For each question, make sure to include all code and resulting output in the html file to support your answers.

R & LaTeX code

See the .qmd files with the code from class notes for LaTeX and R code.
The LaTeX code will make it easier to show your work in computations.

Tip

It is a good idea to try rendering your document from time to time as you go along! Note that rendering automatically saves your Qmd file and rendering frequently helps you catch your errors more quickly.

Book exercises

6.12 Trends in the residuals

6.20 Guppies, Part IV

6.26 (a, e) Helmets and lunches

Skip parts (b)-(d). To complete (e), use that the slope from part (b) is −0.537, and the intercept is 55.34.

Note: if you have time, it would be good practice to calculate the regression line as well. This was covered on the previous assignment.

6.28 Guppies, Part V

6.32 (a, b) Guppies, Part VI

Skip part (c).

1 R exercises

1.1 Load all the packages you need below here.

1.2 R1: Life expectancy vs. CO2 emissions

Use the dataset Gapminder_2011_LifeExp_CO2.csv

Data were downloaded from https://www.gapminder.org/data/.

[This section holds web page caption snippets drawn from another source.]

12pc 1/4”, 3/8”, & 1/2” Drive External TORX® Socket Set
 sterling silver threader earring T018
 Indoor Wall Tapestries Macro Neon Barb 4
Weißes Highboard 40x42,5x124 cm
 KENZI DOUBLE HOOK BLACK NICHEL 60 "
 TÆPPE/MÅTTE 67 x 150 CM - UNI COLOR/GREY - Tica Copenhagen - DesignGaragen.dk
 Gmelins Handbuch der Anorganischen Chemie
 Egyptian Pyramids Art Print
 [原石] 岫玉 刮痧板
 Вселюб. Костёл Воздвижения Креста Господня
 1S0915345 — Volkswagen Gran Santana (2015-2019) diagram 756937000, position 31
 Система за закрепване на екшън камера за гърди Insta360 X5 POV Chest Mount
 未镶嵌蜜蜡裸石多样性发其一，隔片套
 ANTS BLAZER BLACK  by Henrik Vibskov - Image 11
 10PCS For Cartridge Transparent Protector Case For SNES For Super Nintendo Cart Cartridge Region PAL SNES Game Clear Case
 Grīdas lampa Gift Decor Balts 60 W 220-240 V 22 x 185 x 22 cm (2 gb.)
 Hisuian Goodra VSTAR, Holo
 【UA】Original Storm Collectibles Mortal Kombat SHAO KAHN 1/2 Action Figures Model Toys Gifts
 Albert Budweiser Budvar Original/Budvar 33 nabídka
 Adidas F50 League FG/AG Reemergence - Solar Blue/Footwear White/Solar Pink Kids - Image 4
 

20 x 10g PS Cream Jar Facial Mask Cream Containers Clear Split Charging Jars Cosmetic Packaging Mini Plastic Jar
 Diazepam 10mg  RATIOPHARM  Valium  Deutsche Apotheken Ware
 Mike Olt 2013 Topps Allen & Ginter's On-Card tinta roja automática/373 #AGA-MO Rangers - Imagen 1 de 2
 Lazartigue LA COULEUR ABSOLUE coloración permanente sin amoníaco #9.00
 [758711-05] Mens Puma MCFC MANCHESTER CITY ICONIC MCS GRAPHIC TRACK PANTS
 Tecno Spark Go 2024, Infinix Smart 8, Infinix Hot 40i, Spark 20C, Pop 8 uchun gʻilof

Life expectancy = the average number of years a newborn child would live if current mortality patterns were to stay the same. Source: https://www.gminder.org/data/documentation/gd004/
CO2 emissions (tons per person) = Carbon dioxide emissions from the burning of fossil fuels (metric tons of CO2 per person). Source: https://cdiac.ess-dive.lbl.gov/
2011 is the most recent year with the most complete data

1.2.1 Load data

Load the dataset Gapminder_2011_LifeExp_CO2.csv and do a quick inspection of it. What are the dimensions? Variable names?

1.2.2 Linear association?

Make a scatterplot of life expectancy vs. CO2 emissions per person showing the best fit line and describe the relationship between the variables. In addition comment on whether the relationship looks linear or not.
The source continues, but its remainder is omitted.